Josh Durgin [Thu, 27 Dec 2012 18:50:53 +0000 (10:50 -0800)]
XMLFormatter: fix pretty printing
It used the wrong indentation level and did not add a newline after
closing a section. dump_stream() did not indent at all.
Simplify a little and remove the parameter from print_spaces().
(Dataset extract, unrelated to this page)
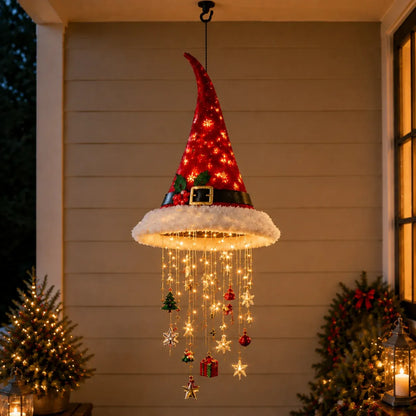 🎅 LAST DAY 49% OFF – Light-Up Christmas Hat Chandelier | Hanging Santa Hat Decoration with Warm LED Lights, Festive Ornaments & 3 Holiday Styles ✨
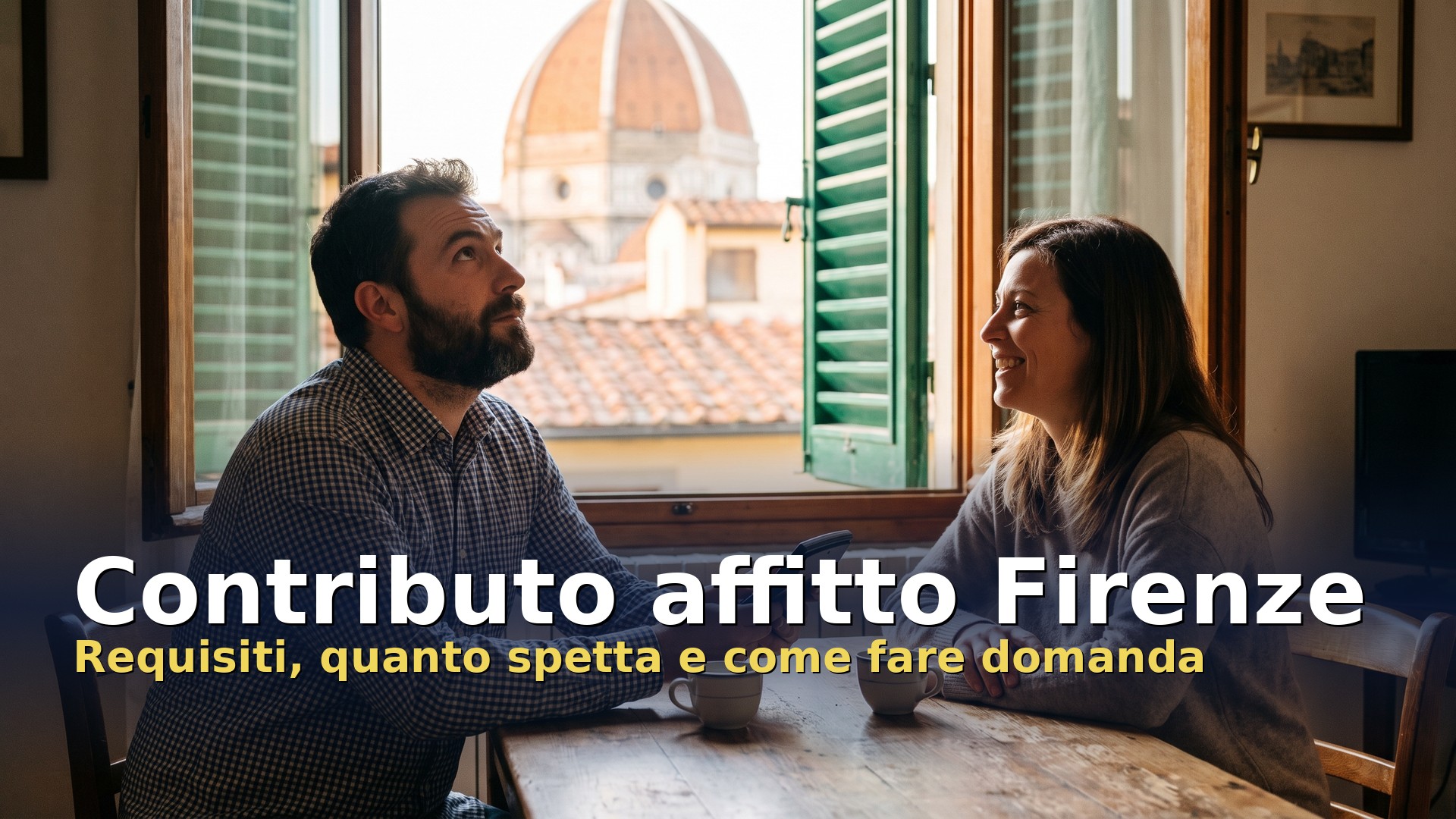 Contributo affitto Firenze: coppia nel soggiorno di casa in affitto con vista sul Duomo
If we just
remove the element from m_sections before calling print_spaces() in
close_section(), the number of elements in m_sections is always the
indentation level.
Josh Durgin [Thu, 27 Dec 2012 22:43:32 +0000 (14:43 -0800)]
rbd: move Formatter construction to main
Each method that uses a formatter is doing the same thing.
Simplify by constructing and handling errors only once.
Also use a scoped_ptr for easy clean up.
Josh Durgin [Fri, 28 Dec 2012 02:02:39 +0000 (18:02 -0800)]
rbd: fix long lines
Several >80 characters have crept in recently.
The older ones generally don't have very useful history,
so I'm not worried about obscuring the history any more.
This patch renames the --format option to --image-format, for
specifying the RBD image format, and uses --format to specify the
output formatting (to be consistent with the other ceph tools). To
avoid breaking backwards compatibility with existing scripts, rbd will
still accept --format [1|2] for the image format, but will print a
warning message, noting its use is deprecated.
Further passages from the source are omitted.